Awesome
SalKG
This is the official PyTorch implementation of our NeurIPS 2021 paper
SalKG: Learning From Knowledge Graph Explanations for Commonsense Reasoning
Aaron Chan, Jiashu Xu*, Boyuan Long*, Soumya Sanyal, Tanish Gupta, Xiang Ren
NeurIPS 2021
*=equal contritbution
Please note that this is still under construction
TODO
- fine occl
- hybrid models
- release dataset files
- clean up configs
Requirements
- python >= 3.6
- pytorch >= 1.7.0
After you have pytorch (preferably with cuda support), please install other requirements
by pip install -r requirements.txt
Data
First download csqa data and unzip. The default folder is data
.
Then download embeddings, unzip and put tzw.ent.np
to data/mhgrn_data/cpnet/
and glove.transe.sgd.rel.npy
to data/mhgrn_data/transe
.
The final dataset folder should look like this
data/ # root dir
csqa/
path_embedding.pickle
mhgrn_data/
csqa/
graph/ # extracted subgraphs
paths/ # unpruned/pruned paths
statement/ # csqa statement
cpnet/
transe/
Usage
We use neptune to track our experiment. Please set the api token and project id by
export NEPTUNE_API_TOKEN='<YOUR API KEY>'
export NEPTUNE_PROJ_NAME='<YOUR PROJECT NAME>'
The model weight would be saved to save
with the subfolder name equal to the neptune id.

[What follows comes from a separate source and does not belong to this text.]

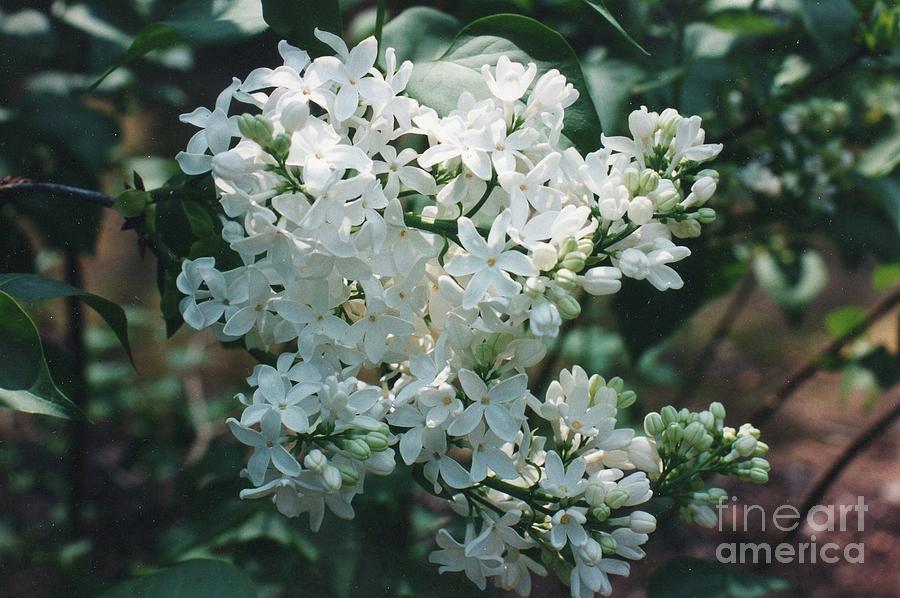 Hello White Lilac Photograph by Nancy Kane Chapman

The pipeline to train SalKG models (for detail parameters that we suggest tuning, please see the bash scripts)
-
run
runs/build_qa.sh
for generating indexed dataset required by nokg and kg modelIn the script, the flag
--fine-occl
would generate indexed dataset required by fine occl model -
run
runs/qa.sh
to run nokg and kg model -
run
runs/save_target_saliency.sh
with nokg / kg checkpoints to generate the model's saliency. Currently we suppport coarse occlusion and fine {occlusion, gradient} saliency
Results
The table below shows our results in three commonly used QA benchmarks: CommonsenseQA (CSQA), OpenbookQA (OBQA), and CODAH
For each column,
- Green cells are the best performance
- Blue cells are the second-best performance
- Red cells arae the non-SalKG best performance
Across the 3 datasets, we find that SalKG-Hybrid and SalKG-Coarse consistently outperform other models.